薄暗く広大な空間では、数十名のクルーが自動機械めいてコンソールを操作していた。禍々しき黄金宇宙ドクロレリーフが後方壁面に飾られ、ブリッジ全体を睥睨する。そのやや下に、艦名を記したレーザーショドー金属板。
【ガバナス帝国ニンジャアーミー旗艦 グラン・ガバナス】
【艦長 ニン・コーガー(ニンジャアーミー団長兼任)】
ニンジャアーミー! ニンジャの……軍隊! よくよく見れば、男のプレートアーマーは宇宙ニンジャ装束、その頭部を覆うのは宇宙ニンジャヘルムではないか!
この銀河宇宙に生きる知的生命体にとって、「生」や「死」と同様、「ニンジャ」は普遍的概念である。だが、宇宙ニンジャが自ら軍隊を組織し、あまつさえ他星系に侵攻するとは……ナムサン! なんたる宇宙の法則に反する冒涜的所業か!

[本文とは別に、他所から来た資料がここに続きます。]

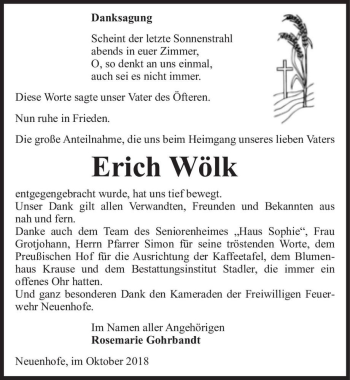 Traueranzeige von Erich Wölk  von Magdeburger Volksstimme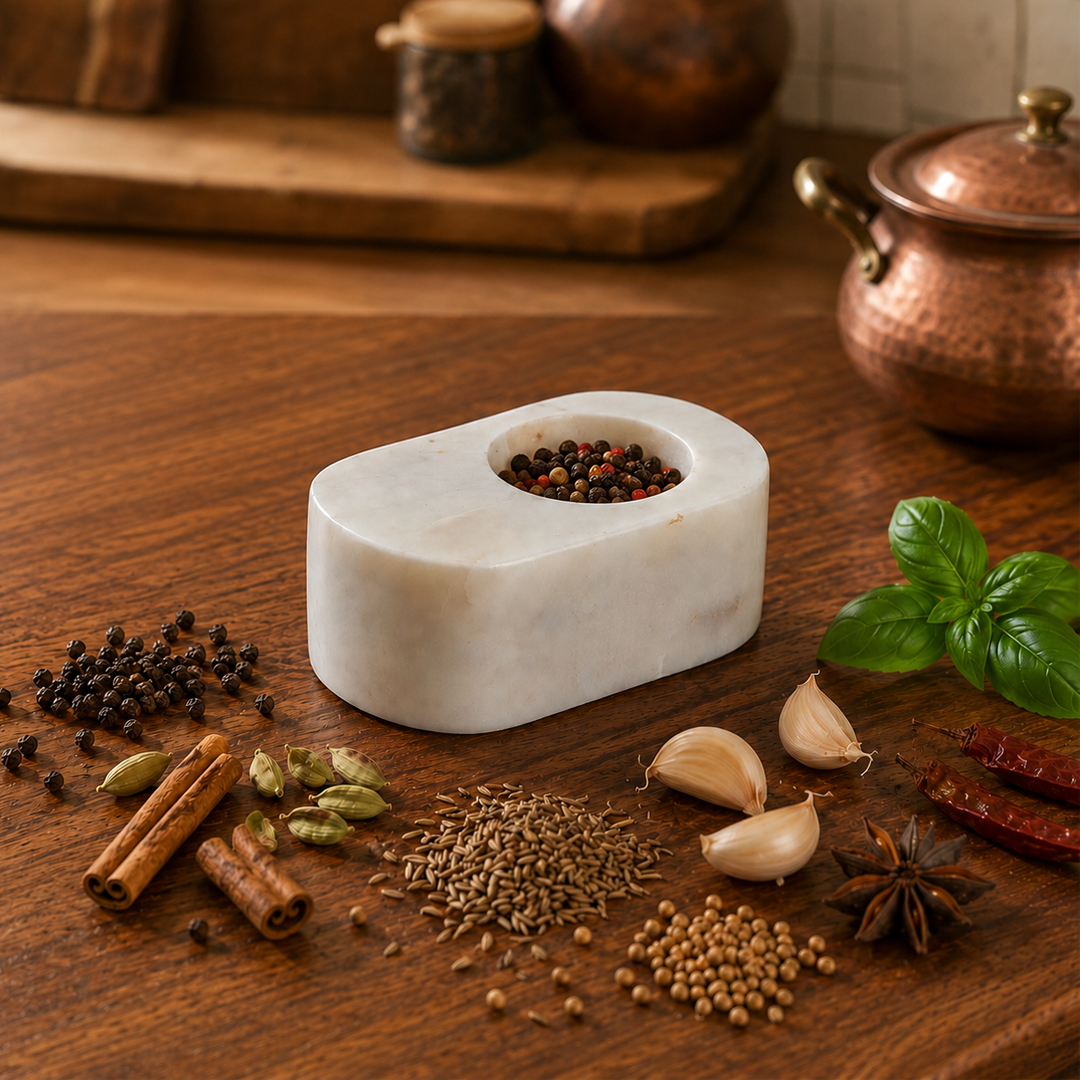 Elahi - Marble Spice Bowl With Spoon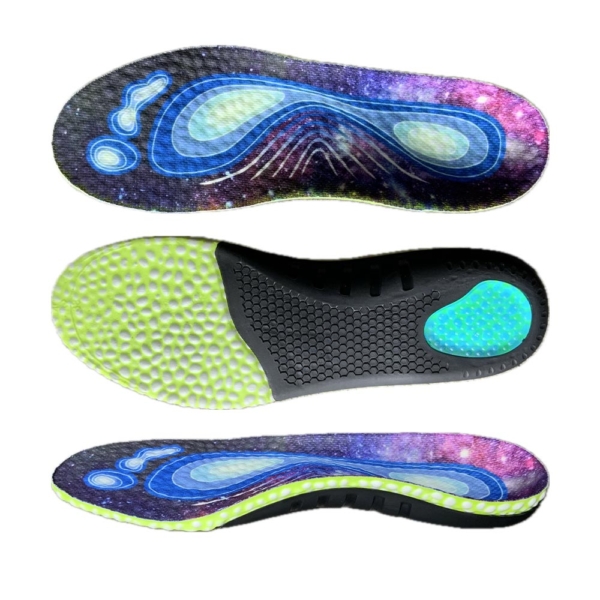 Cast popcorn + heat deepened fabric + TPU arch support + Kiel shock absorbing pad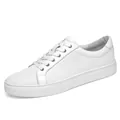 Premium white leather low-top casual sneakers with stylish perforated breathable side details - 35 / White (Hollow)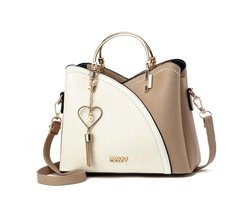 PolkaHome® Luxe Dames Tas – Tassen met rits – Schoudertas – Handtas – Werktas – Shopper – Tote Bag – Crossbody Tas – PU Lederen Kleine Handtas met Verstelbare Schouderriem en Meerdere Vakken (Wit Met Kaki)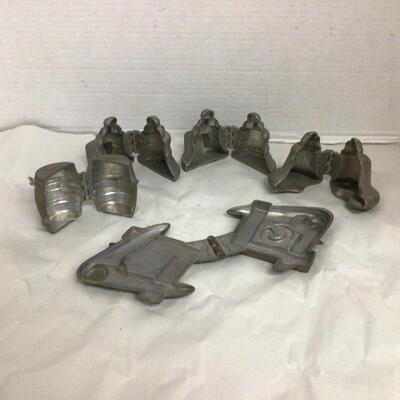 1155 Lot of 5 Antique Pewter Liberty Masonic Ice Cream Molds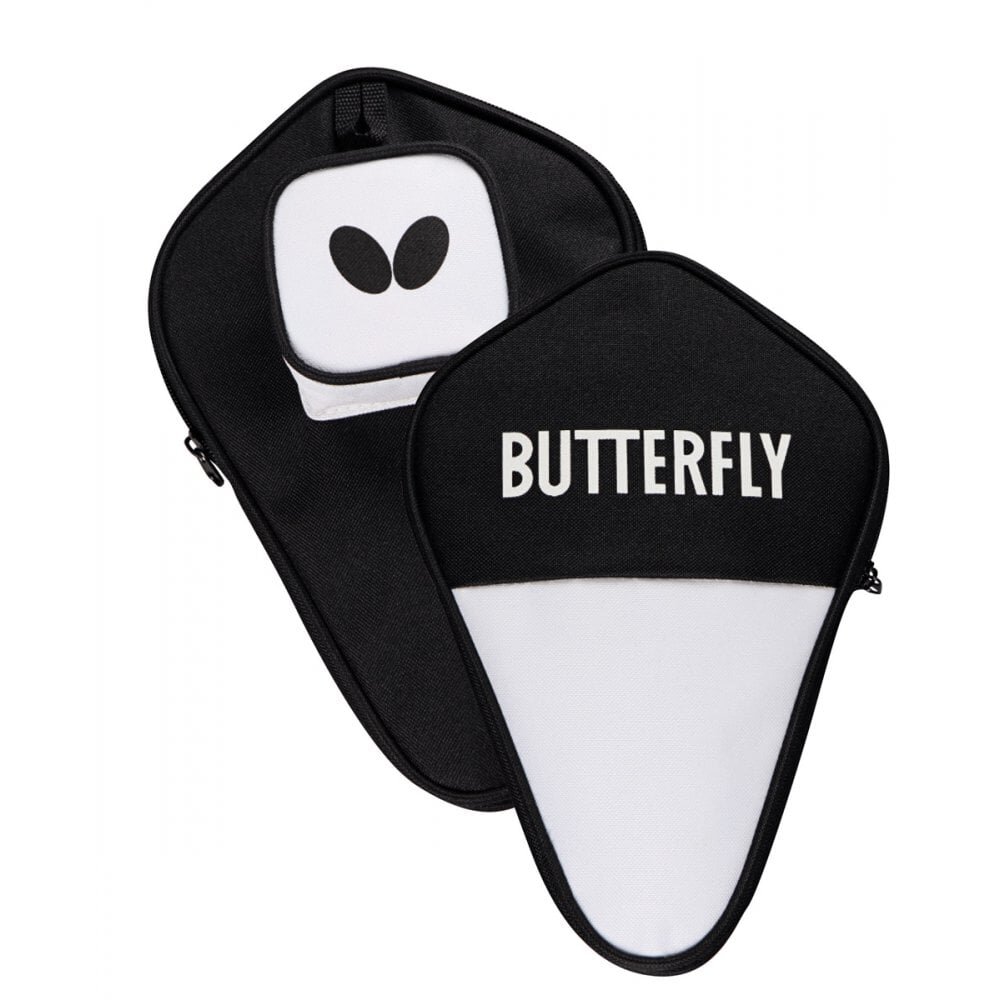 Butterfly Table Tennis Bat Cell Case - Black / White Nylon 600 D - Round Zipped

『ムッハハハハ! 首尾は上々と見えるのう、コーガー団長』
不気味な機械音声がブリッジに響き渡った。黄金宇宙ドクロレリーフの口内に超光速通信機が仕込まれているのだ。眼窩のUNIXランプが点滅し、受信状況をモニタする。
「ハハーッ! 皇帝陛下ァーッ!」コーガー団長は黒マントを翻し、ドクロの前にドゲザした。
この銀河宇宙に生きる知的生命体にとって、ドゲザは最大級の屈従を意味する行為である。通信越しの一声で宇宙ニンジャ軍団長をドゲザせしめる「皇帝」とは、果たしていかなる権勢の主であろうか?

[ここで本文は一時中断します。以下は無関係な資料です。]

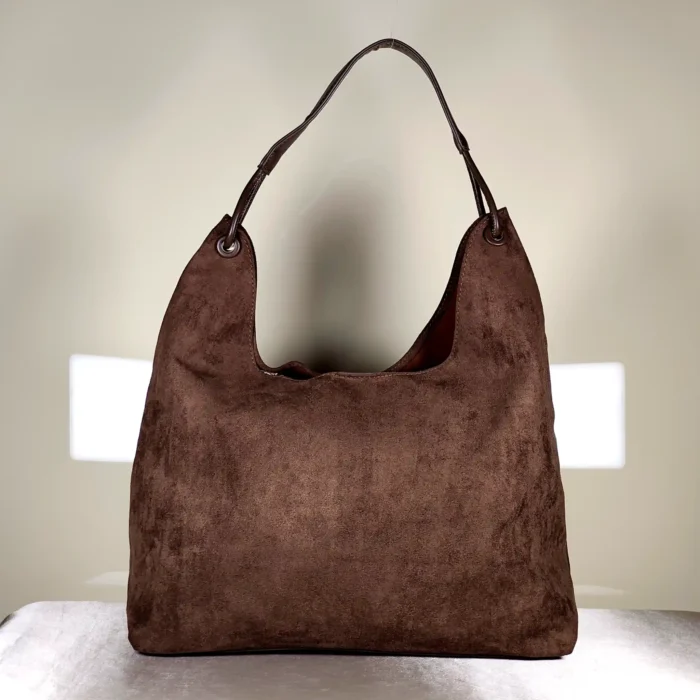 Brown Suede Hobo Shoulder Bag with Matching Pouches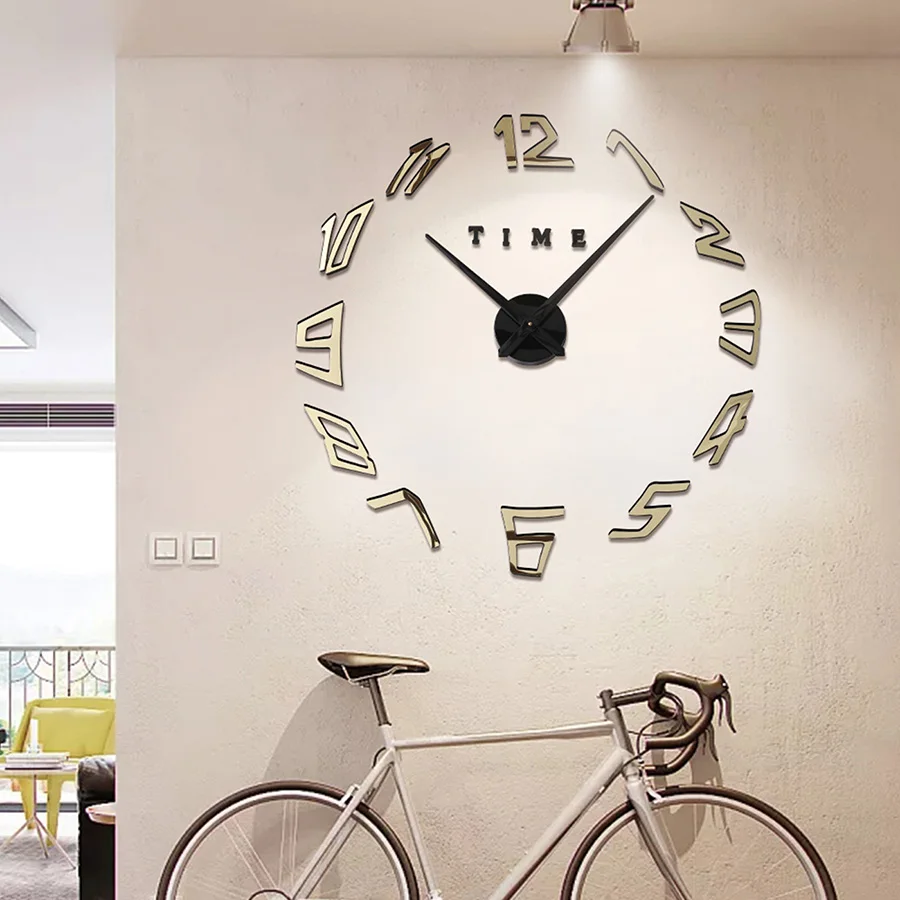 Новинка, светящиеся часы, настенные часы Horloge 3d, сделай сам, акриловые зеркальные наклейки, украшение дома, для гостиной, кварцевые иглы, люминесцентные
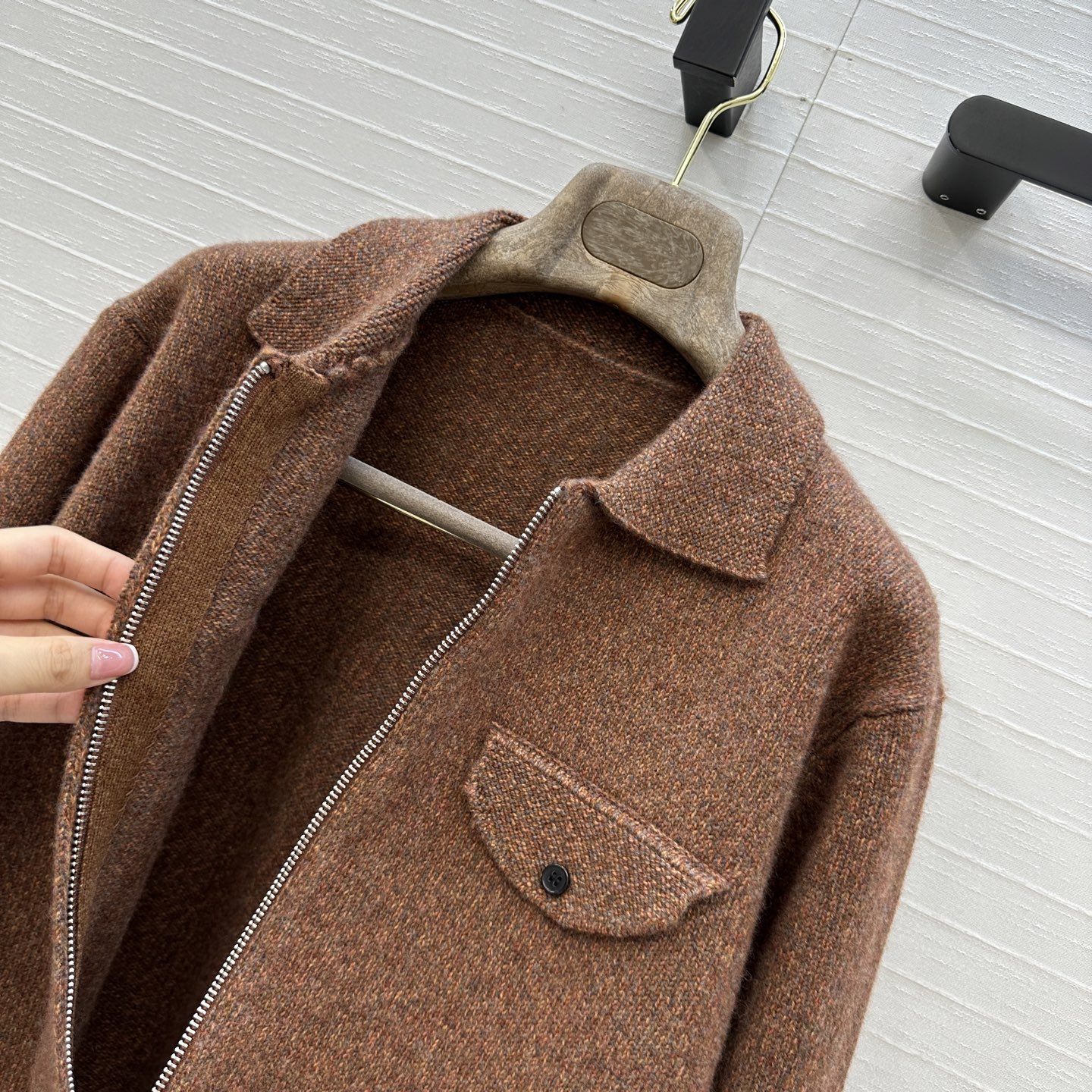 Lp高智感 フリース クルーネック リブ編み ブラウン 100%カシミア 36サイズ - 画像 4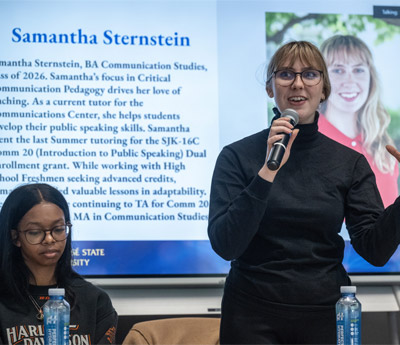 Samantha Sternstein participated in a student panel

「間もなく敵艦隊は全滅! その後速やかに! 惑星アナリスを制圧致しまする!」ドゲザしてなお朗々たるコーガーの大音声。ブリッジクルーがサイバネ化及び自我漂白済みでなければ、宇宙ニンジャの殺気にあてられ、全員失禁悶絶していることだろう。
『大儀である』黄金ドクロの両眼が満足気に瞬いた。『余は気分がよい。アナリスへの布告は余が自ら行うぞ』「ハハーッ!」
通信終了。コーガー団長は何事もなかったかのようにドゲザから立ち上がり、背を向けた。ヘルムの陰に隠れた表情は窺い知れぬ。
ジャンクめいた宇宙貨物船は、安全圏で慣性飛行に入っていた。生命維持装置も再起動完了。当面の危機は去ったと言えよう。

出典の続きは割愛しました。